Thread: no XLOG during COPY?

no XLOG during COPY?

From
Andrew Dunstan
Date:
Back in February, Tom said here: 
http://archives.postgresql.org/pgsql-hackers/2008-02/msg00963.php :

> That defeats a couple of optimizations that
> Simon put in recently.  The one for no XLOG during COPY is not too
> hard to see how to re-enable, but I'm not sure what else there was.
>
>   

Could someone please point me at where this optimization was committed? 
I'm having trouble locating it.

Thanks

andrew



Re: no XLOG during COPY?

From
"Guillaume Smet"
Date:
On Thu, Sep 11, 2008 at 9:01 PM, Andrew Dunstan <andrew@dunslane.net> wrote:
> Could someone please point me at where this optimization was committed? I'm
> having trouble locating it.

I think it's this one:
http://archives.postgresql.org/pgsql-committers/2007-01/msg00296.php

-- 
Guillaume


Re: no XLOG during COPY?

From
Heikki Linnakangas
Date:
Andrew Dunstan wrote:
> Back in February, Tom said here: 
> http://archives.postgresql.org/pgsql-hackers/2008-02/msg00963.php :
> 
>> That defeats a couple of optimizations that
>> Simon put in recently.  The one for no XLOG during COPY is not too
>> hard to see how to re-enable, but I'm not sure what else there was.
> 
> Could someone please point me at where this optimization was committed? 
> I'm having trouble locating it.

http://archives.postgresql.org/pgsql-committers/2007-01/msg00296.php

--   Heikki Linnakangas  EnterpriseDB   http://www.enterprisedb.com


Re: no XLOG during COPY?

From
Andrew Dunstan
Date:

Heikki Linnakangas wrote:
> Andrew Dunstan wrote:
>> Back in February, Tom said here: 
>> http://archives.postgresql.org/pgsql-hackers/2008-02/msg00963.php :
>>
>>> That defeats a couple of optimizations that
>>> Simon put in recently.  The one for no XLOG during COPY is not too
>>> hard to see how to re-enable, but I'm not sure what else there was.
>>
>> Could someone please point me at where this optimization was 
>> committed? I'm having trouble locating it.
>
> http://archives.postgresql.org/pgsql-committers/2007-01/msg00296.php


Great, thanks (and also to Guillaume).

It looks to me like the simple way around this issue would be to provide 
an option to have pg_restore emit:   begin; truncate foo; copy foo ... commit;

The truncate will be trivial as there won't be any data or indexes at 
that stage anyway.

cheers

andrew


Re: no XLOG during COPY?

From
Simon Riggs
Date:
On Thu, 2008-09-11 at 15:25 -0400, Andrew Dunstan wrote:

> Great, thanks (and also to Guillaume).
> 
> It looks to me like the simple way around this issue would be to provide 
> an option to have pg_restore emit:
>     begin; truncate foo; copy foo ... commit;
> 
> The truncate will be trivial as there won't be any data or indexes at 
> that stage anyway.

Not sure which stage you're talking about. If this is a parallel restore
and you are running a create in one session and a load in another, then
ISTM you have no way of knowing that for certain.

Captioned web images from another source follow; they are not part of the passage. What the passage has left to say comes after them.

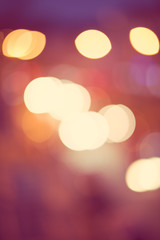 Bokeh abstract background. Holiday night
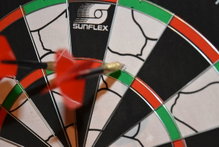 Sunflex Dartscheibe Tournament inkl. 6 Darts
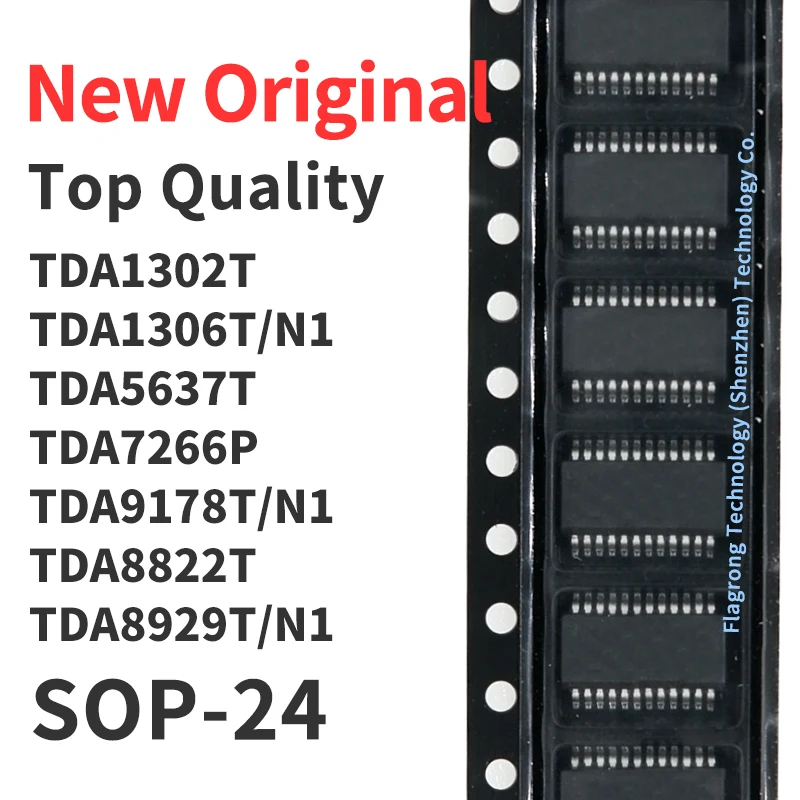 1 Piece TDA1302T TDA1306T/N1 TDA5637T TDA7266P TDA9178T/N1 TDA8822T TDA8929T/N1 SOP-24 Chip IC New Original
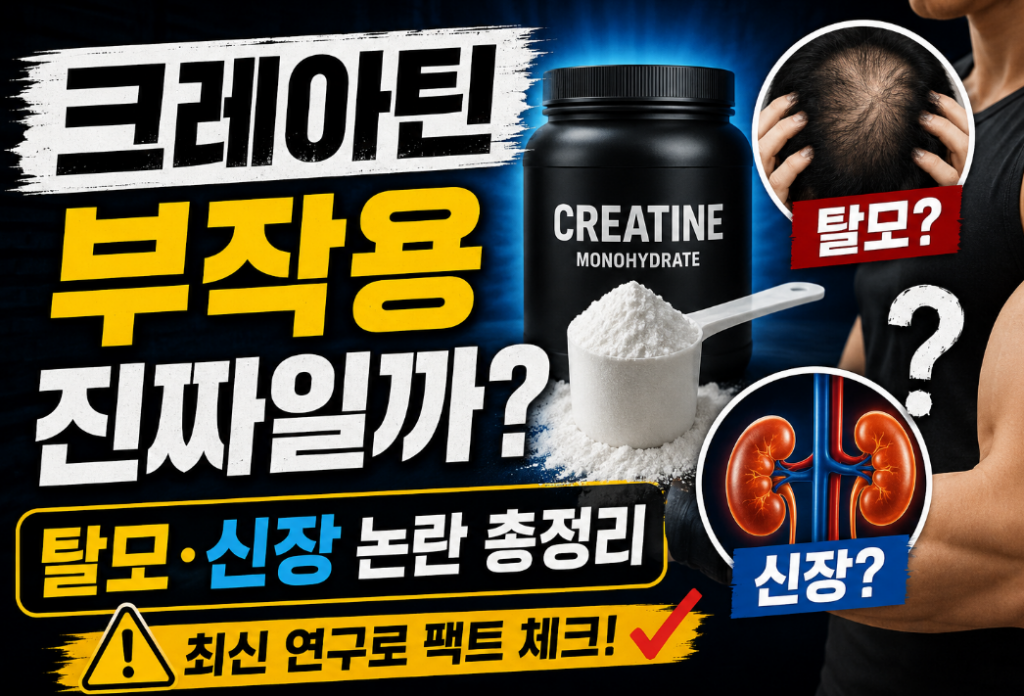 크레아틴 부작용 진짜일까? 탈모·신장 논란 총정리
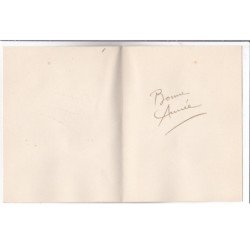 BOURET Germaine : carte de voeux avec collage (systeme - série 646 ) (ex-collection Amigon) format 13x17cm sur 4 volets
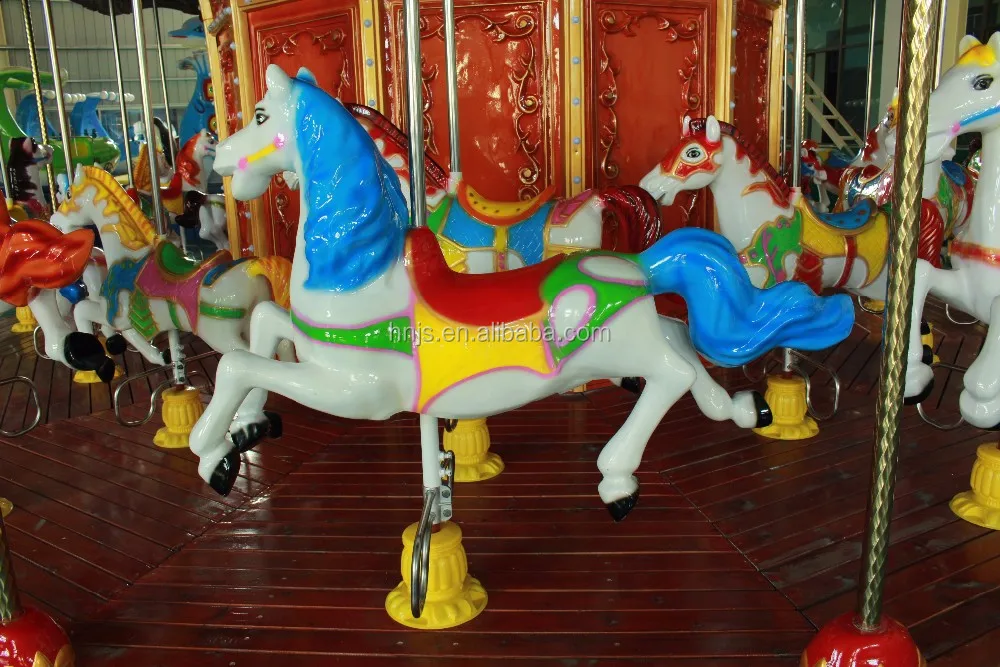 Outdoor Inflatable Christmas Merry Go Round Portable Carousel For Sale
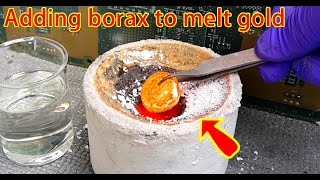 Last weeks recipe for you Adding borax to melt gold [upl. by Older]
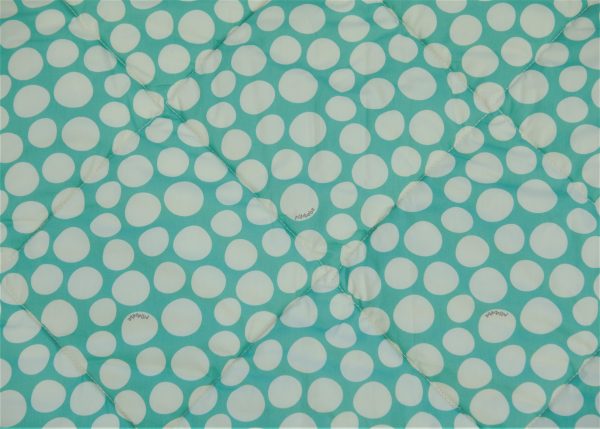 Organic Cotton Play Mat/Quilted Blanket - Forest Friends/Mint Pebbles Reversible - Image 6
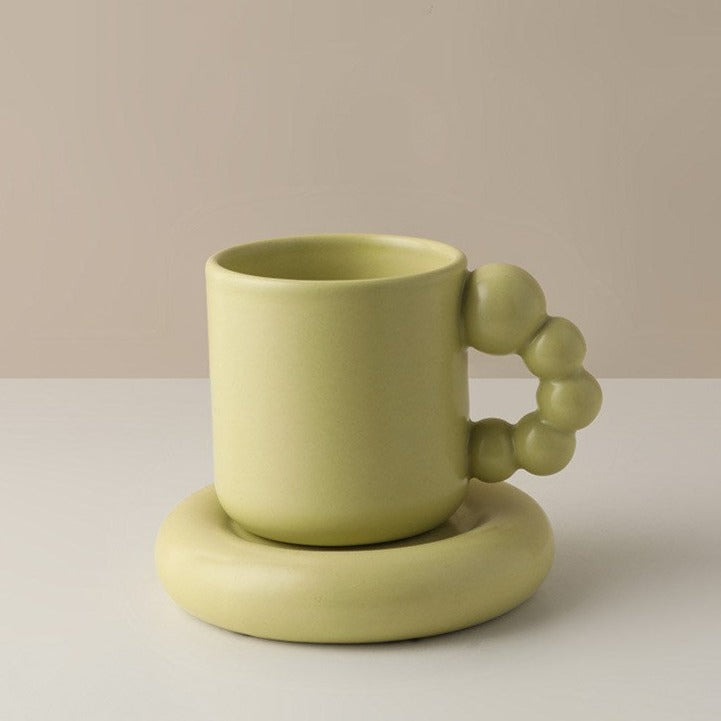 Candied Ceramic Ball Handle Mug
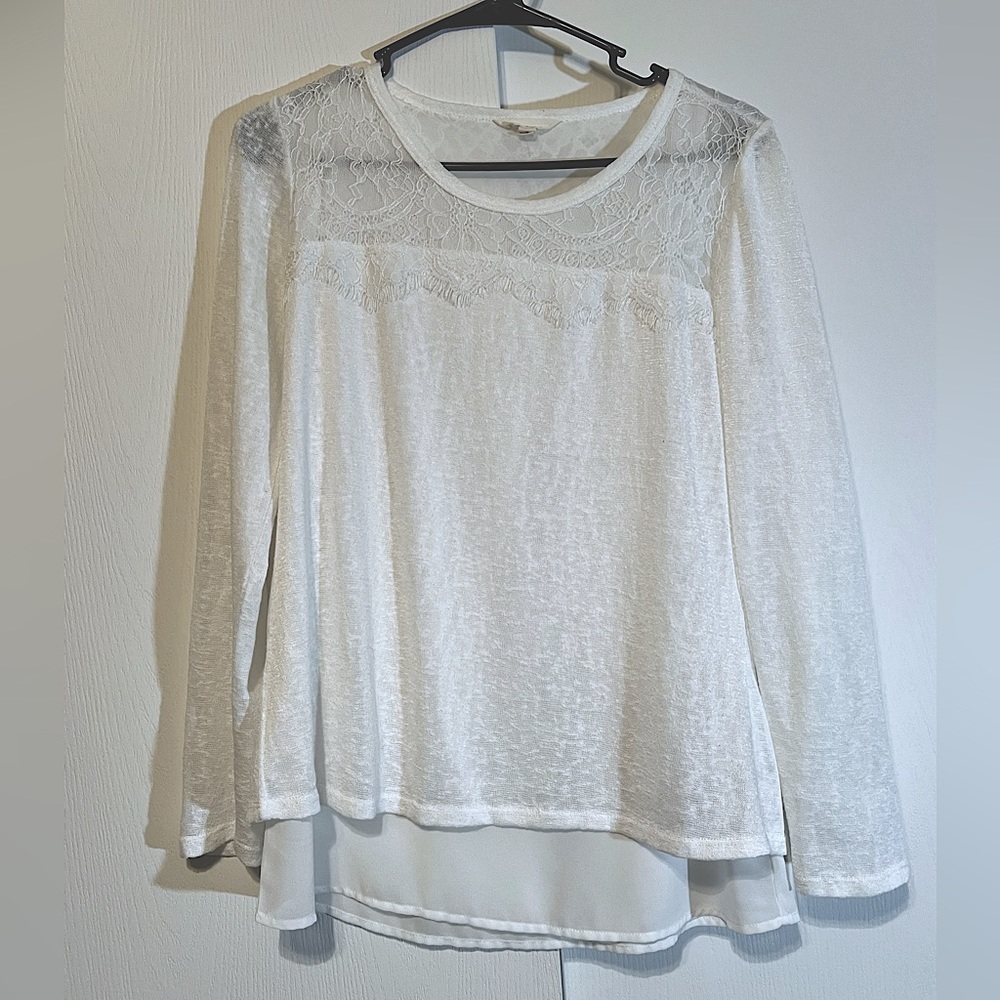 *GUC* Adiva Women’s lace/gauze top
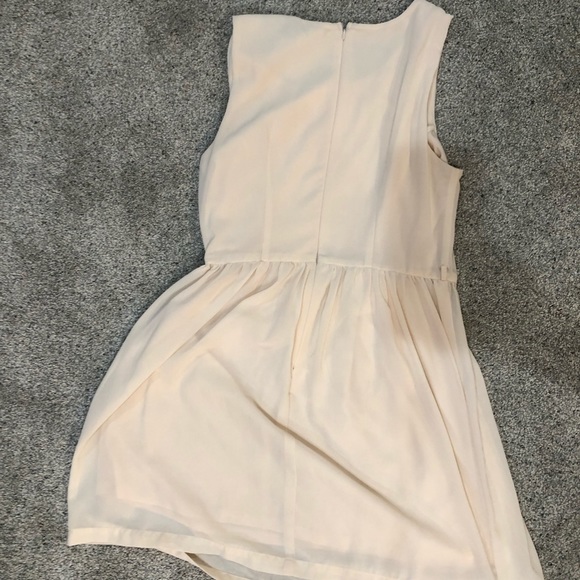 Taupe Short Flowing Dress - Picture 2 of 3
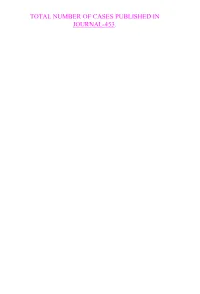 Total Number of Cases Published in Journal-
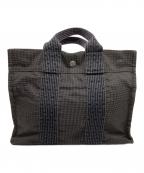 HERMESエルメス）の古着「エールラインPM ハンドトートバッグ」｜グレー×ネイビー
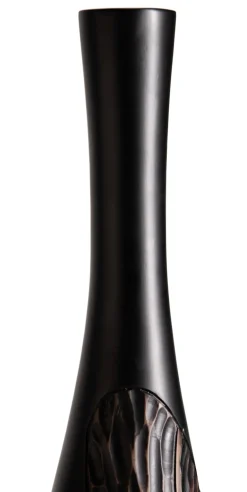 COCOmaison Faye vase H75cm - Noir Hot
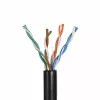 Alantec KIU5OUTS305Q Cabo de rede Preto 305 m Cat5e U/UTP (UTP) (KIU5OUTS305Q)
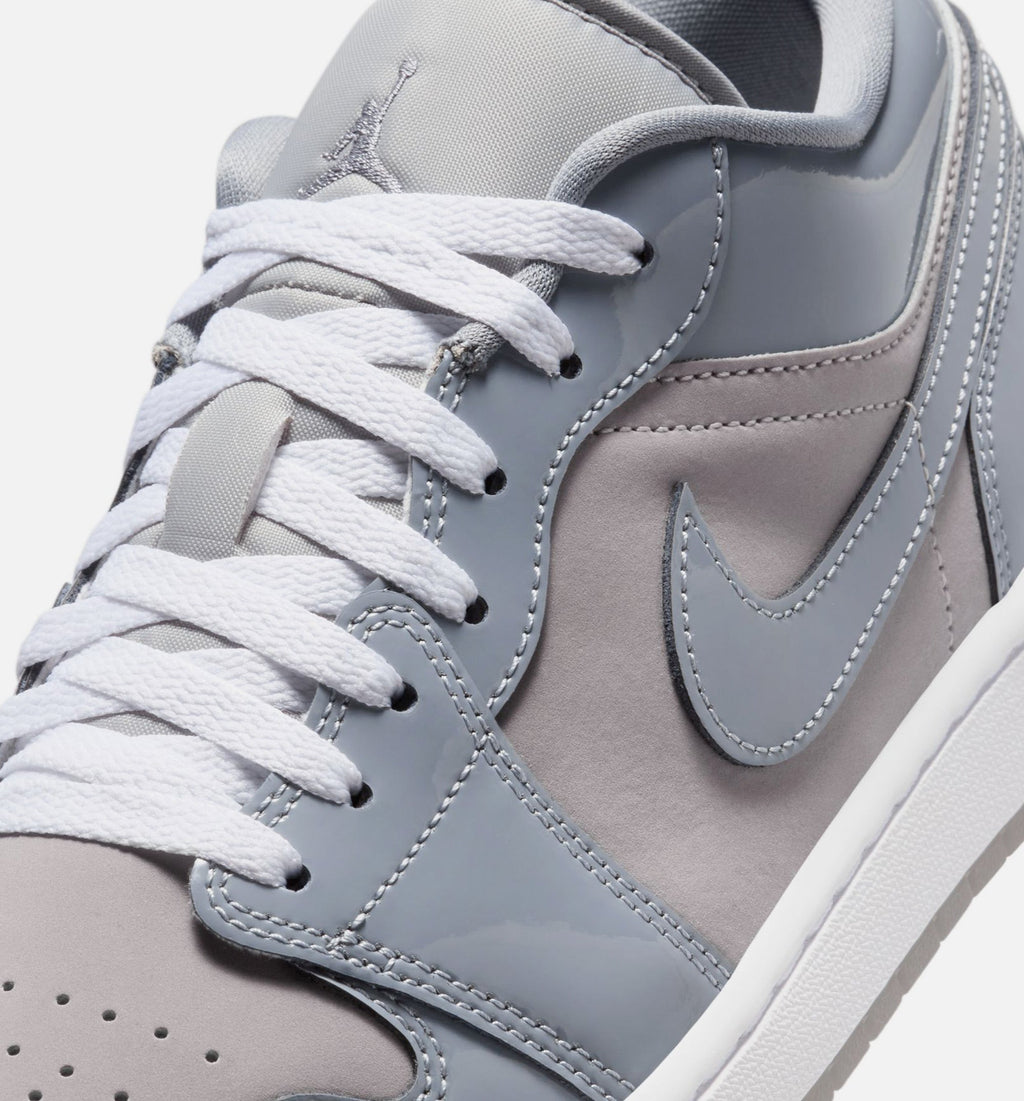 Air Jordan 1 Low Mens Lifestyle Shoe - Medium Grey/White/Cool Grey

-- Simon Riggs           www.2ndQuadrant.comPostgreSQL Training, Services and Support



Re: no XLOG during COPY?

From
Andrew Dunstan
Date:

Simon Riggs wrote:
> On Thu, 2008-09-11 at 15:25 -0400, Andrew Dunstan wrote:
>
>   
>> Great, thanks (and also to Guillaume).
>>
>> It looks to me like the simple way around this issue would be to provide 
>> an option to have pg_restore emit:
>>     begin; truncate foo; copy foo ... commit;
>>
>> The truncate will be trivial as there won't be any data or indexes at 
>> that stage anyway.
>>     
>
> Not sure which stage you're talking about. If this is a parallel restore
> and you are running a create in one session and a load in another, then
> ISTM you have no way of knowing that for certain.
>
>   

Er, who doesn't know what for certain, exactly? pg_restore will 
certainly know that it has created the table in another session and can 
thus safely truncate the table in the same transaction as the data load.

cheers

andrew


Re: no XLOG during COPY?

From
Russell Smith
Date:
Andrew Dunstan wrote:
> [snip]
>>  
>
> Er, who doesn't know what for certain, exactly? pg_restore will
> certainly know that it has created the table in another session and
> can thus safely truncate the table in the same transaction as the data
> load.
>
> cheers
>
> andrew
>
I'm confused about why table definition and data can't be loaded in the
same backend and transaction.  Can somebody explain that?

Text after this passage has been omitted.